PROBLEM DESCRIPTION →
Pictures stay out of the copy. Retype exactly the lines below from the one with "Cosy 2br Near" through the one with "Phantom Athletics Schienbeinschutz".

EXERCISE INPUTS →
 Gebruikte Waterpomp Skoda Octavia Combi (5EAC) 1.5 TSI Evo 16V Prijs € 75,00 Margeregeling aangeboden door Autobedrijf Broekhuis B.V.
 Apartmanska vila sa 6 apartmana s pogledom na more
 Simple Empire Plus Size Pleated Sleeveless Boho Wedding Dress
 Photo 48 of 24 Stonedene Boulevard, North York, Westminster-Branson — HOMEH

---

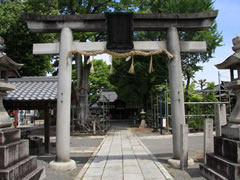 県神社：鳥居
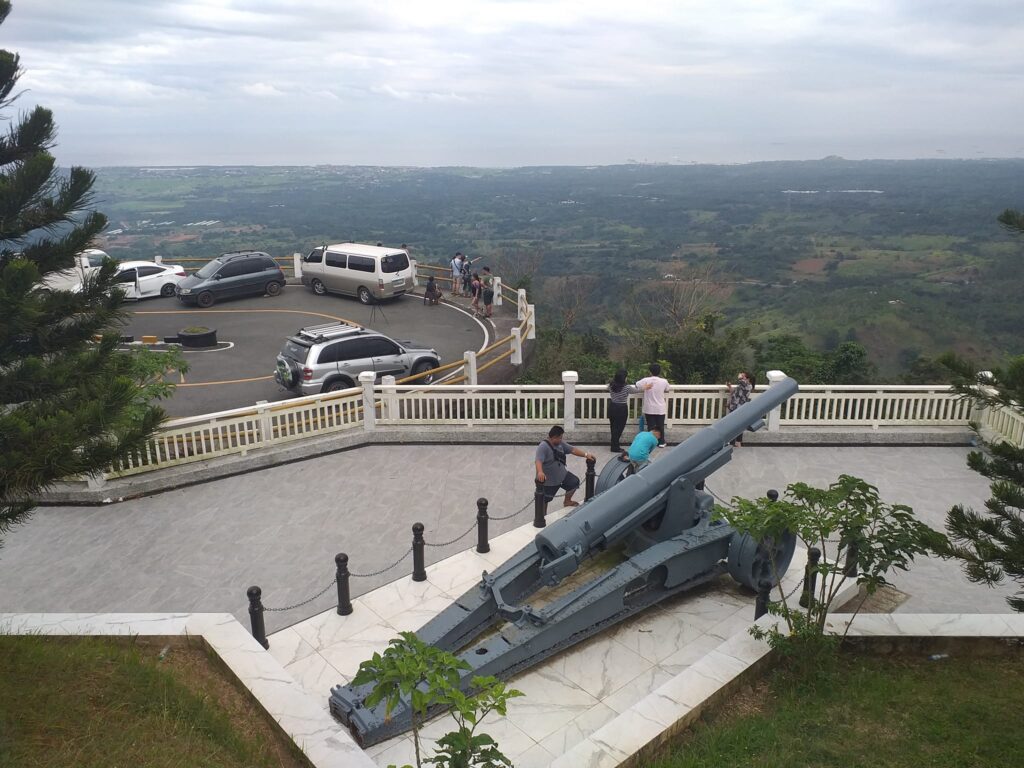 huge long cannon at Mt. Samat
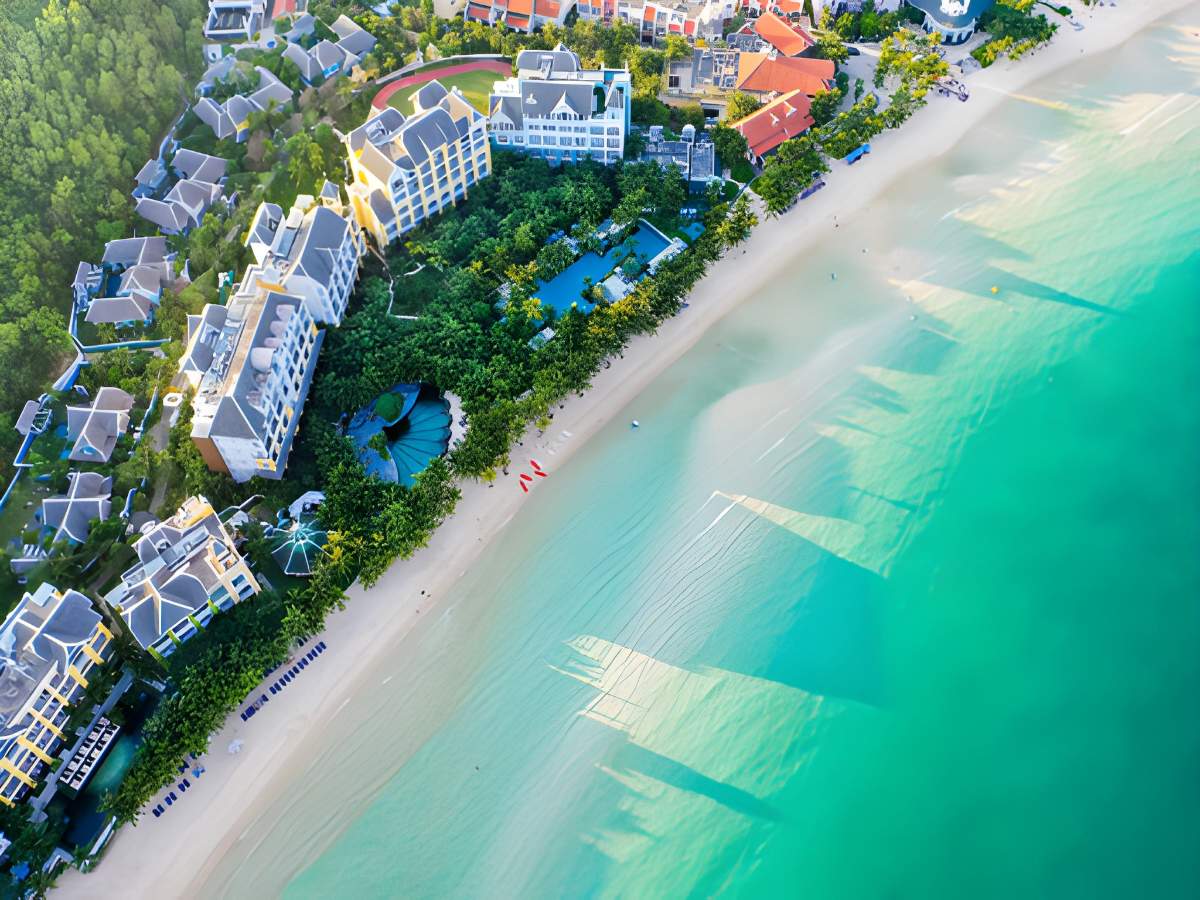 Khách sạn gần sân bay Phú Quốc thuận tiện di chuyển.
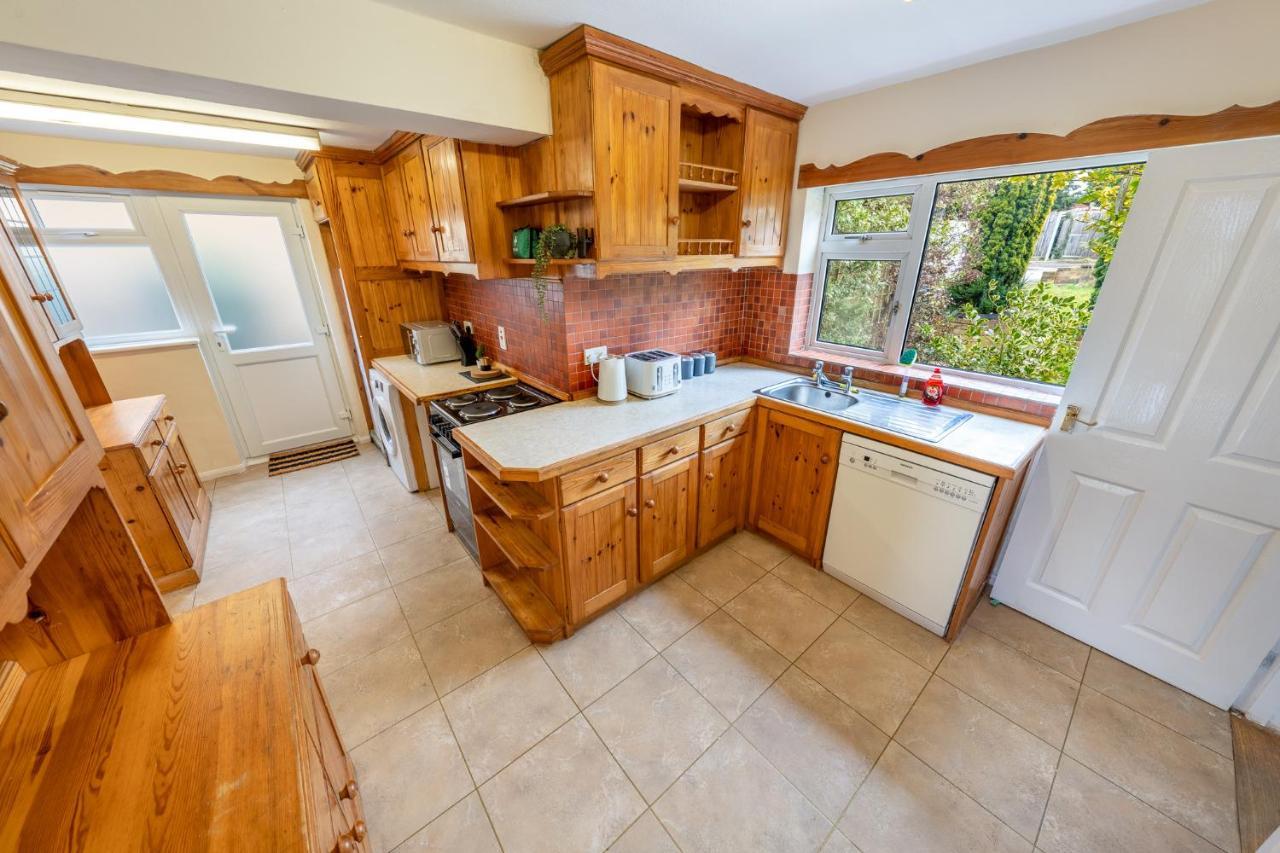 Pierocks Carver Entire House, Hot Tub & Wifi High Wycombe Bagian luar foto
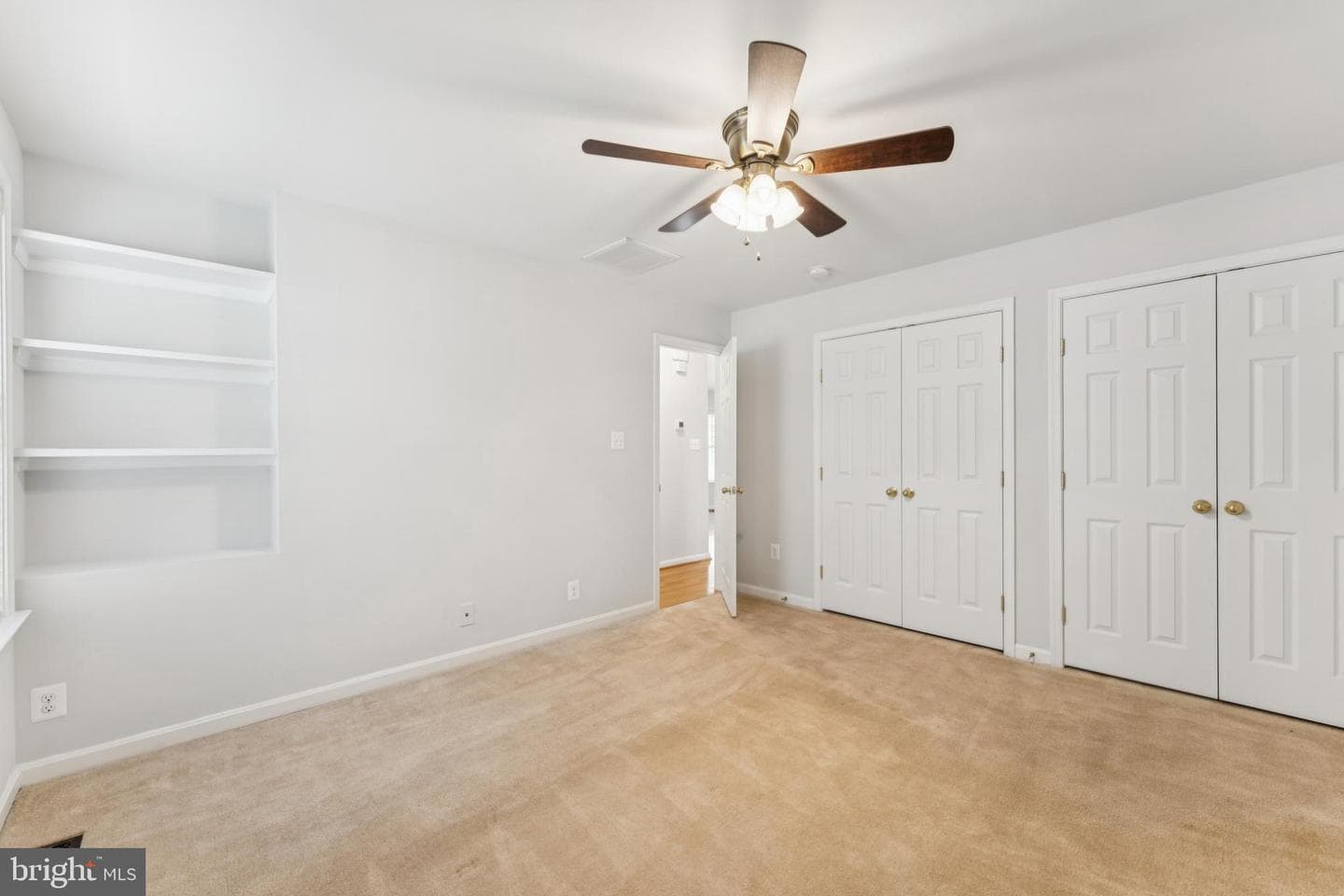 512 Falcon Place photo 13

==

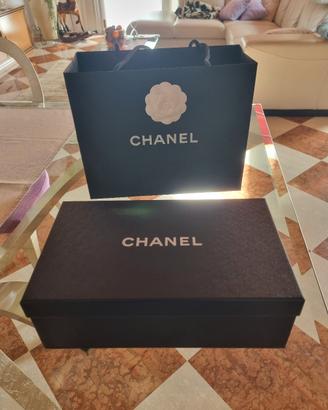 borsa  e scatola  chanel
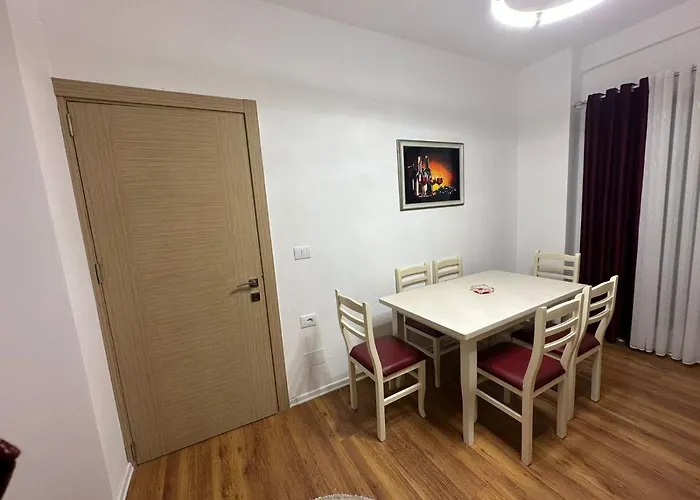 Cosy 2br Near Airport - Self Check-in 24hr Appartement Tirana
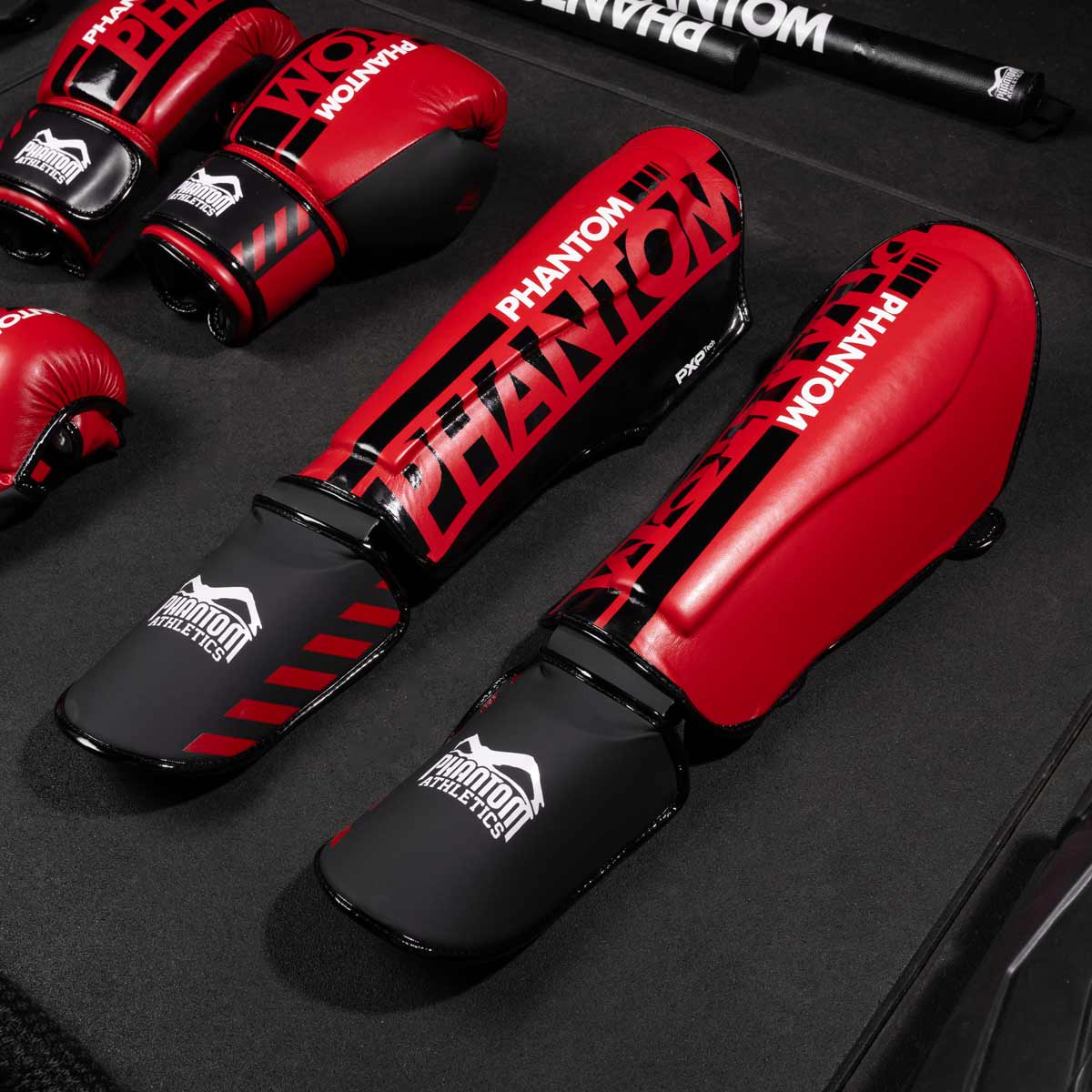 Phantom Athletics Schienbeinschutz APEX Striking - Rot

OUTPUT OF THE TASK →
 Cosy 2br Near Airport - Self Check-in 24hr Appartement Tirana
 Phantom Athletics Schienbeinschutz APEX Striking - Rot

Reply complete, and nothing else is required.